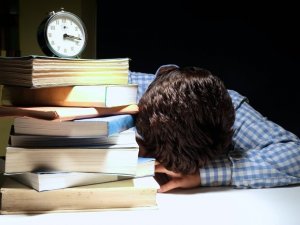 Üniversite Sınavı Yaklaşırken Kaygı Belirtilerine Dikkat Edin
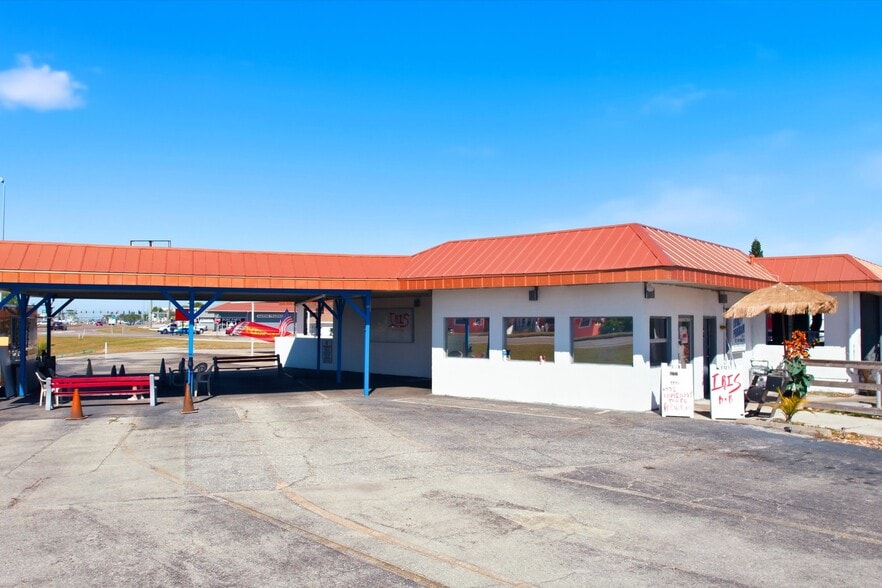 More Photos Of 4732 Tamiami Trl, Port Charlotte General Retail For Sale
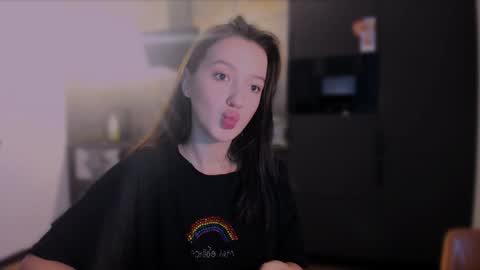 Snapshot of lililaluna chatting on December 5, 2024, 11:27 am             ...  online show from December 5, 2024, 11:27 am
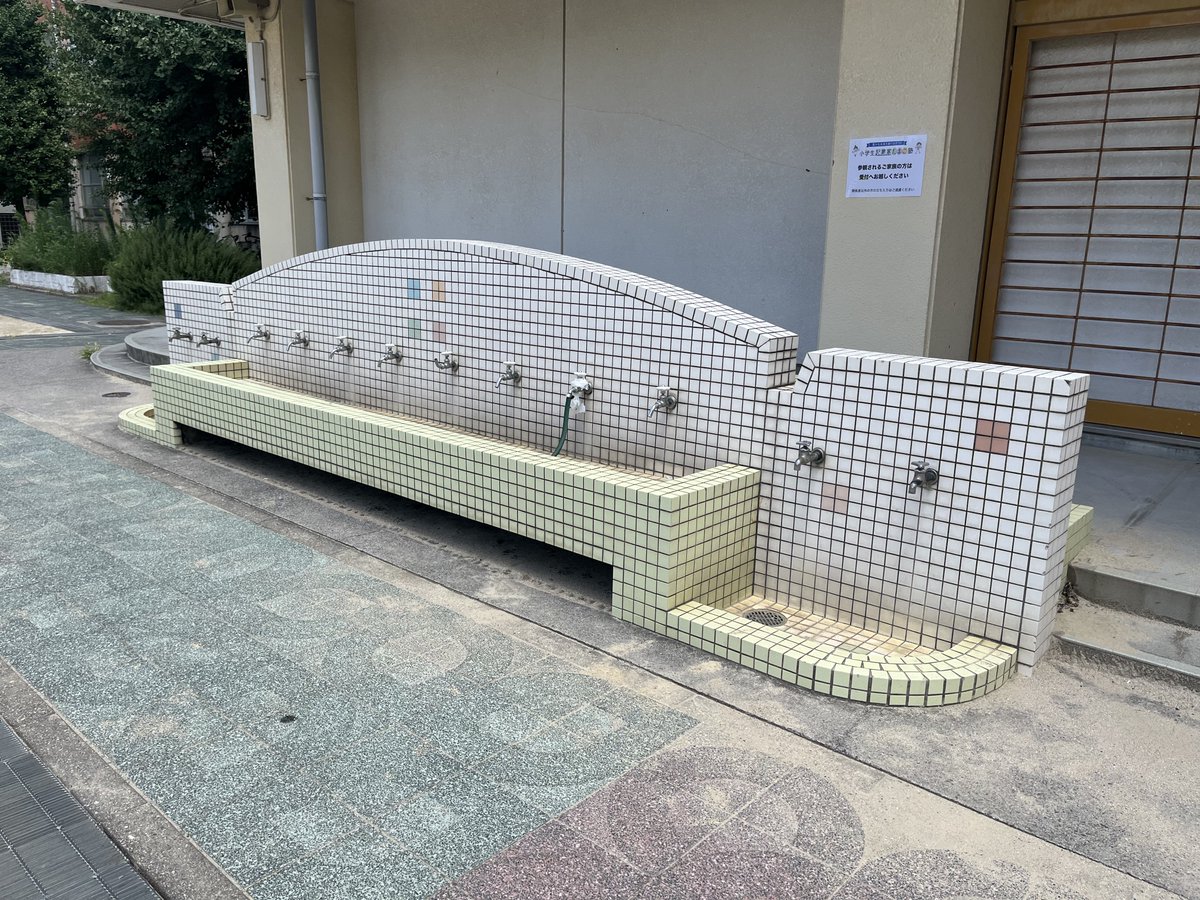 kazusuke_itou's tweet image. 現着🙌🏻なごのキャンパス学校の匂いする😮当たり前か。
 #PODCASTMIXER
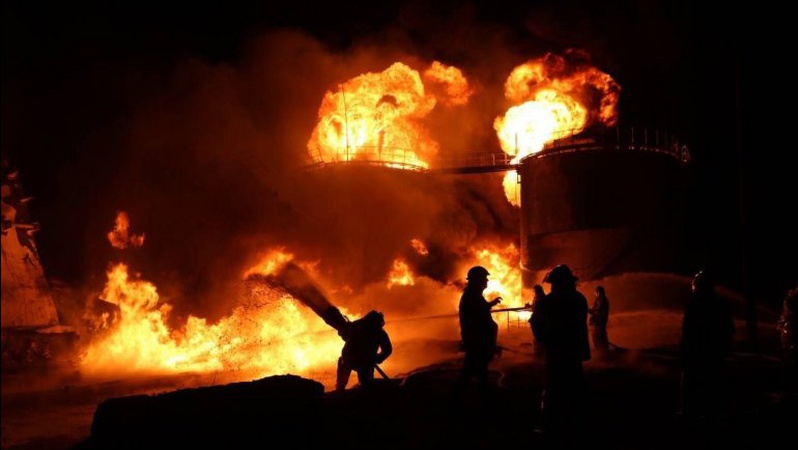 Рашисти вночі атакувала Дніпропетровщину: горить завод
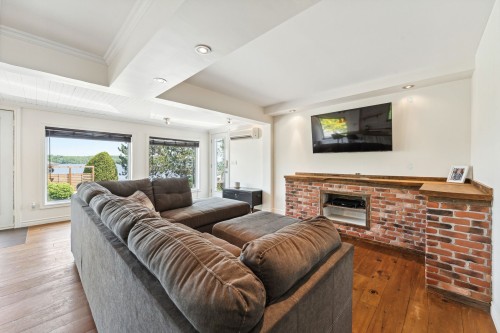 Salon - 1 Rue Gaudord, Lac-Brome, QC - Indoor Photo Showing Living Room With Fireplace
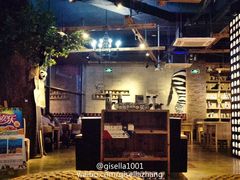 -Who乎coffee&bar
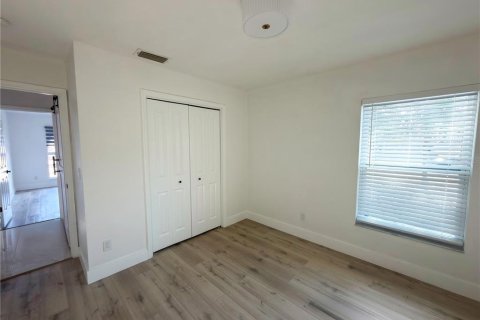 Casa en venta en Valrico, Florida, 3 dormitorios, 159.98 m2 № 2093218 - foto 14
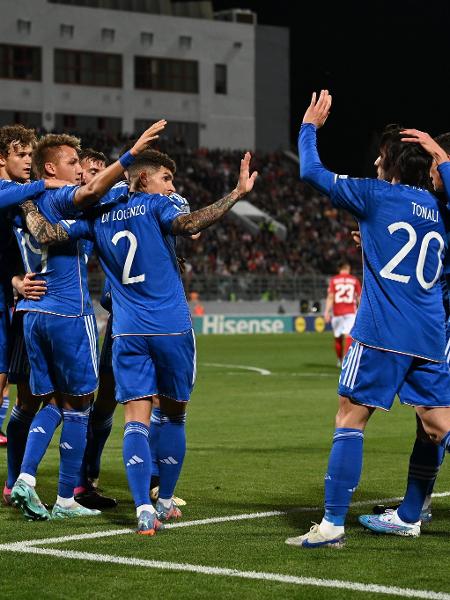 Jogadores da Itália comemoram segundo gol da equipe na partida contra Malta - Reprodução/Twitter/@Azzurri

---

== EXERCISE REQUIREMENTS ==
Return exactly the lines that appear in the data above between the line containing "More Photos Of" and the line containing "#PODCASTMIXER", both of which are included, and leave the pictures out.

== SOLVED EXERCISE ==
 More Photos Of 4732 Tamiami Trl, Port Charlotte General Retail For Sale
 Snapshot of lililaluna chatting on December 5, 2024, 11:27 am             ...  online show from December 5, 2024, 11:27 am
 kazusuke_itou's tweet image. 現着🙌🏻なごのキャンパス学校の匂いする😮当たり前か。
 #PODCASTMIXER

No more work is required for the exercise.